Sueurs froides, de la fièvre ou une montée d’angoisse? J’ai du mal à déglutir, le cri ne passe pas ma gorge, et toujours ce souffle au cœur, palpitations, étouffement, mes mains moites cherchent en vain au fond du sac ce téléphone portable qui grésille toujours au mauvais moment. Je l’ai trop tard. Reste un message. Encore lui, le vivipare raté, mon chef de service: «Ce n’est pas que je vous piste, ma chère Stéphanie, mais c’est un reportage que j’attends de vous, pas un roman. Du concret, voulez-vous? Où en sommes-nous avec ce Nouveau Panthéon? C’est simple, non, ne me dites pas que je vous fais du harcèlement, ni sexuel ni moral, vous êtes d’accord? Que du boulot, je suis dans mon rôle, hi! hi!» Je vais le tuer, un jour je te dis qu’il y aura meurtre à L’Événement de Paris, tu m’entends, Audrey?

Elle ne m’écoute pas. Visage grave, lèvres plissées en avant, les iris écureuils qui tournent de droite et de gauche, Audrey semble prêter l’oreille à des bruits étranges qu’on distingue à peine, les yeux fixés sur le fond du café Marly. Des corps massés se pressent vers la sortie, une détonation, deux - «Couchez-vous! », les gens se mettent à courir, Audrey me saisit par le bras: «Ne bougeons pas, dans ces cas-là, il n’y a rien à faire.» Quels cas? Nos voisins s’accroupissent sous les tables, d’autres s’enfuient en direction de la rue de Rivoli.

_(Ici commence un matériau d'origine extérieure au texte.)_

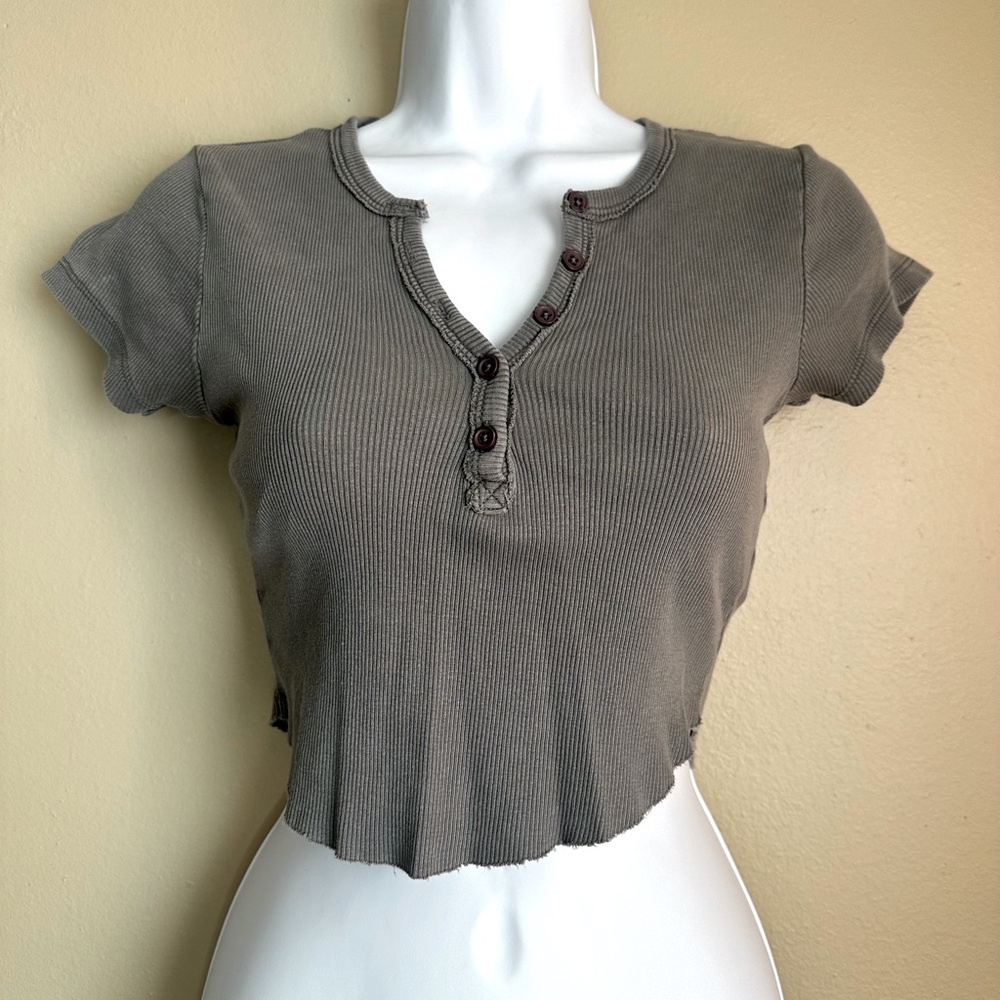 Gray Garage Cropped Tee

Le-barman-et-fier-de-l’être de tout à l’heure a troqué son plateau chargé de pêches Melba et de coupes de champagne pour un Heckle modèle PS 9. C’était un flic, j’aurais dû m’en douter. Il pousse devant lui un individu insignifiant, tête rasée, habillé à la Redoute, des Nike aux pieds, à la démarche assez souple malgré les menottes et le coup de crosse qu’il a dû recevoir, ce dont témoigne la coulée de bave rouge sur son menton. «Un braqueur!» chuchote ma voisine en se redressant d’en dessous de sa table. Une haie d’honneur encadre brusquement le braqueur et le barman-flic; nous sommes ravis d’avoir quelque chose à raconter chez nous, ce soir, et demain au bureau.

Soudain, l’homme de la Redoute flanche, s’écroule, secoué d’intenses convulsions. Crise d’épilepsie? «Il a avalé quelque chose, patron! » crie la jeune adjudante du barman-flic, elle-même en tenue policière. Ils ont de ces moyens de rappliquer en quatrième vitesse! A moins qu’ils ne dorment sur place sans que le simple citoyen s’en aperçoive, c’est normal, la présence des flics maintenant est ... comment dire? ... si désirée à cause de l’insécurité.

- Merde, il s’est empoisonné! (Le barman se jette lui aussi sur son portable, la situation lui échappe, il a besoin de plus amples informations.) Toi, Jeanne, tu appelles le Samu. Son arme est bien un CETME, de l’usine Vitoria, tu me suis, commando ETA, et ensuite la filière du Milieu, ou n’importe quoi, Al-Qaïda, Ben Laden, pourquoi pas, je suis sérieux, ricane pas, par les temps qui courent. Faites évacuer le Marly, la Pyramide, tout. Tout le Louvre, tout Paris si vous voulez. (Il s’enflamme, c’est son jour, et il va se gêner?) Oui, chef. (Vers Jeanne: «Je parle au principal. ») Oui, commissaire! (Maintenant il hurle dans son portable.). Oui, je confirme, le braqueur est neutralisé, il est même raide mort. Non, je n’y suis pas allé trop fort, je crois bien qu’il s’est empoisonné ... C’est ce que je pense aussi ... le début de la chaîne ... on peut s’attendre à tout, en effet. Quand? Tout de suite, demain, ici, bien sûr, pourquoi pas, on est bien placés, à mon avis, n’importe où aussi, si vous voulez ...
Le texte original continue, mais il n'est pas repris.